Brogdon was a force multiplier for the Bucks last season. He was fourth on the team in scoring and fourth in usage rate among rotation players, but he was their most efficient 3-point shooter, one of their best perimeter defenders, and a versatile playmaker who could play off of their starters and run the second-unit offense. Brogdon could fill any role the Bucks needed over the course of a game. His value became even clearer in the playoffs; he had the second-best net rating on the team (plus-14.3 in 198 minutes) after returning from a foot injury.
There were questions about how Brogdon would fare in Indiana, especially without Victor Oladipo for the first few months. But the 26-year-old has been more than up to the challenge, averaging career highs in points (19.2 per game), rebounds (4.8), and assists (8.2). He has gone from being fourth on his own team in touches (52.3) to tied for 13th in the NBA (81.2). His efficiency has slipped now that he’s running pick-and-rolls instead of spotting up off Giannis, but not as much as you might expect. Brogdon is no. 20 in true shooting percentage (57.3) among the 50 players with a usage rate higher than 25 this season, ahead of guys like LeBron James and Pascal Siakam. And he’s doing it without much help. Domantas Sabonis, Myles Turner, and Jeremy Lamb have all missed time this season.
The Bucks have replaced Brogdon by leaning more heavily on Giannis, who has been even better than he was last season. The reigning MVP is averaging more points (30.3 per game), rebounds (14.0), assists (6.2), and steals (1.5) while shooting a higher percentage from the field (58.1). He’s getting to the line more often (11.3 attempts per game) and shooting 32.1 percent from 3 on a career-high 4.3 attempts per game. Giannis covers up a lot of sins in Milwaukee. The only way to guard him is to leave him open on the perimeter—and now he’s starting to make those shots. All the Bucks have to do is play enough 3-point shooters to spread out the defense for him.
They signed Wesley Matthews, an aging 3-and-D guard, to take Brogdon’s spot in the starting lineup. Matthews is a more limited player who takes a much higher percentage of his field goal attempts from 3 (71.4) than Brogdon did last season (32.6), while handing out far fewer assists (0.9 per game) than his predecessor (3.2). And he’s not even as good of a 3-point shooter: Matthews is shooting 32.0 percent compared with 42.6 percent for Brogdon when he was in a similar role.
The other player the Bucks brought in to replace Brogdon is Kyle Korver, who is even more one-dimensional than Matthews. Korver is still one of the best shooters in the NBA at age 38, but he was never much of a defender and now has to be hidden on that end as much as possible. The drop-off between Korver and Brogdon will be even more glaring in the playoffs, where Korver’s poor defense makes him almost unplayable. He went from a net rating of plus-6.3 in 1,083 minutes for Utah in the regular season to minus-35.2 in 30 minutes in the playoffs.
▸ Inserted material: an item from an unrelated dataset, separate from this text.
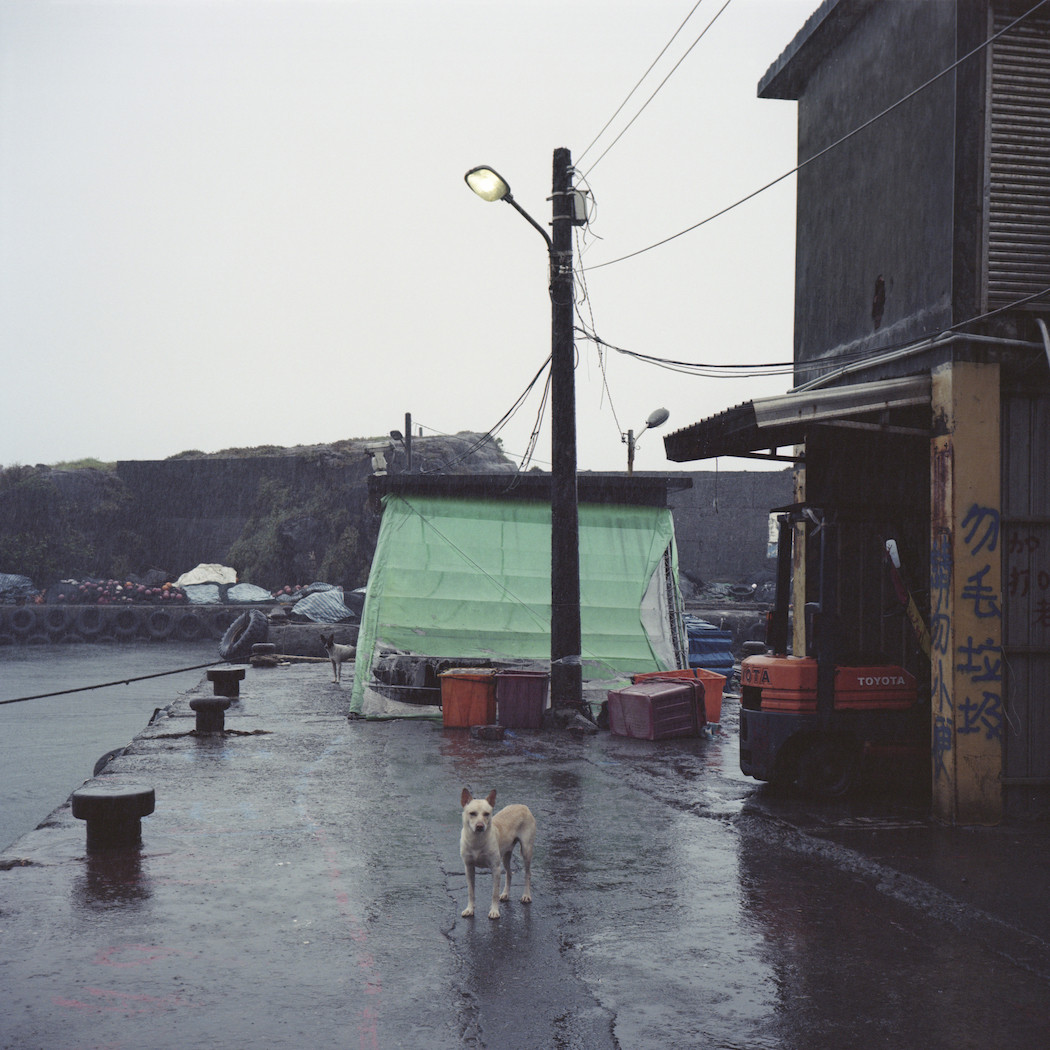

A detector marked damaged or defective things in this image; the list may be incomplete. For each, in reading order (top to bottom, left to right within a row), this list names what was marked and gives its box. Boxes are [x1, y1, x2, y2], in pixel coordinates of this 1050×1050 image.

rusty metal wall [999, 388, 1050, 802]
There are some warning signs for Milwaukee when looking at their numbers this season. The Bucks are far more reliant on 3s. They have dropped from no. 2 in the percentage of field goal attempts taken within 3 feet of the rim (34.0) to no. 20 (27.4). The difference could be seen in losses to the Heat and Celtics at the start of the season, when they went cold from 3 and didn’t have a Plan B.
That’s why their two most effective players by net rating this season have been third-year wing Sterling Brown (plus-19.3 in 156 minutes) and second-year guard Donte DiVincenzo (plus-19.2 in 174 minutes). Brown and DiVincenzo aren’t just younger and more athletic, but more dynamic than Matthews and Korver at this stage in their careers. While they don’t get much offense run through them, they can at least attack off the dribble when the defense closes out on them.
But it’s unclear how much playing time they will get once everyone is healthy. The two youngsters have been thrust into bigger roles without Khris Middleton, who remains sidelined the next few weeks with a thigh contusion. Bucks coach Mike Budenholzer tends to prefer playing veterans over younger players. The best example came last season, when he buried third-year big man D.J. Wilson on the bench after a midseason trade for Nikola Mirotic, even though Wilson’s ability to move his feet made him less of a defensive liability than Mirotic.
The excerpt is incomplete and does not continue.